2004 NY Slip Op 02583 [6 AD3d 437]
April 5, 2004
Appellate Division, Second Department
Published by New York State Law Reporting Bureau pursuant to Judiciary Law § 431.
As corrected through Wednesday, June 30, 2004


In the Matter of Shondel J., Respondent,
v
Mark D., Appellant.

[*1]In a proceeding pursuant to Family Court Act article 5, inter alia, to establish paternity, Mark D. appeals (1), by permission, from an order of filiation of the Family Court, Kings County (Adams, J.), dated August 8, 2002, which, after a hearing, determined that he was equitably estopped from denying paternity of the subject child, and (2) an order of the same court (Mayeri, H.E.), dated September 27, 2002, which awarded temporary child support to Shondel J.

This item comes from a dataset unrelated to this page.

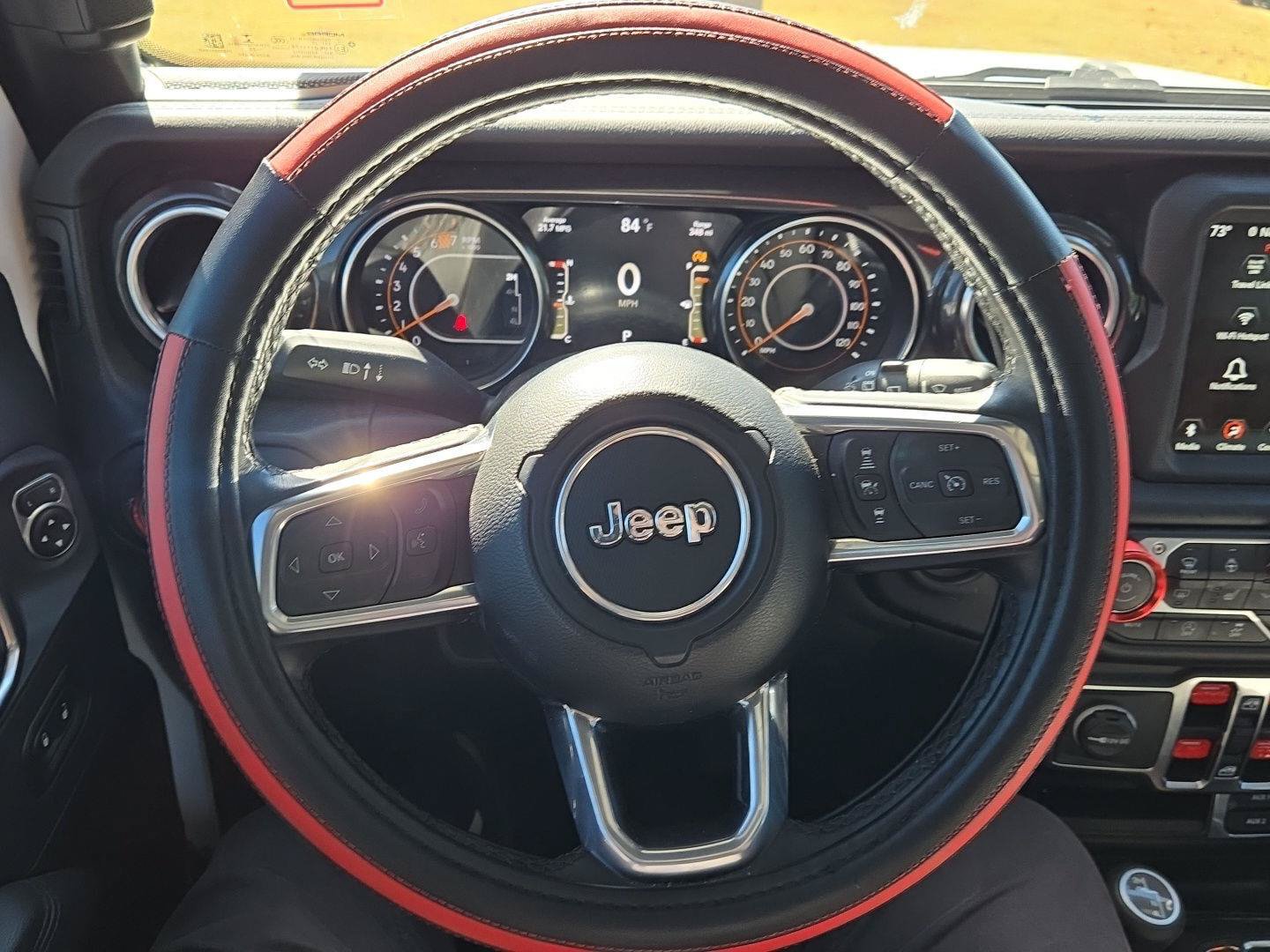 Used 2022 Jeep Wrangler Unlimited Sahara AWD/4WD image 17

Ordered that the appeal from the order dated September 27, 2002, is dismissed as abandoned (see 22 NYCRR 670.8 [e]), without costs or disbursements; and it is further,

Ordered that the order dated August 8, 2002, is affirmed, without costs or disbursements. [*2]

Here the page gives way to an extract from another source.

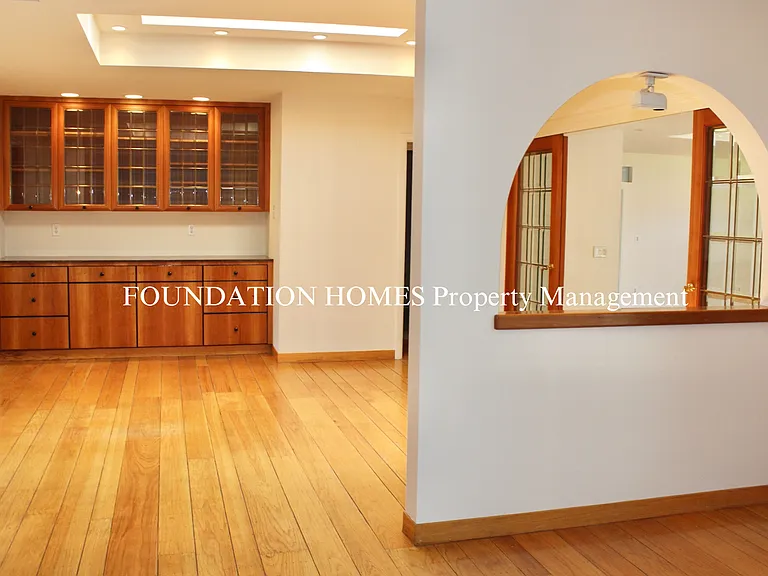 33 College Ct — Photo 17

The Family Court properly determined that it was in the best interests of the subject child to equitably estop the appellant from denying paternity (see generally Family Ct Act § 532 [a]; Matter of Charles v Charles, 296 AD2d 547 [2002]; Matter of Kump v Basnight, 297 AD2d 639 [2002]; Matter of Sarah S. v James T., 299 AD2d 785 [2002]; Purificati v Paricos, 154 AD2d 360 [1989]).

The appellant's remaining contentions are without merit. Ritter, J.P., Krausman, Townes and Cozier, JJ., concur.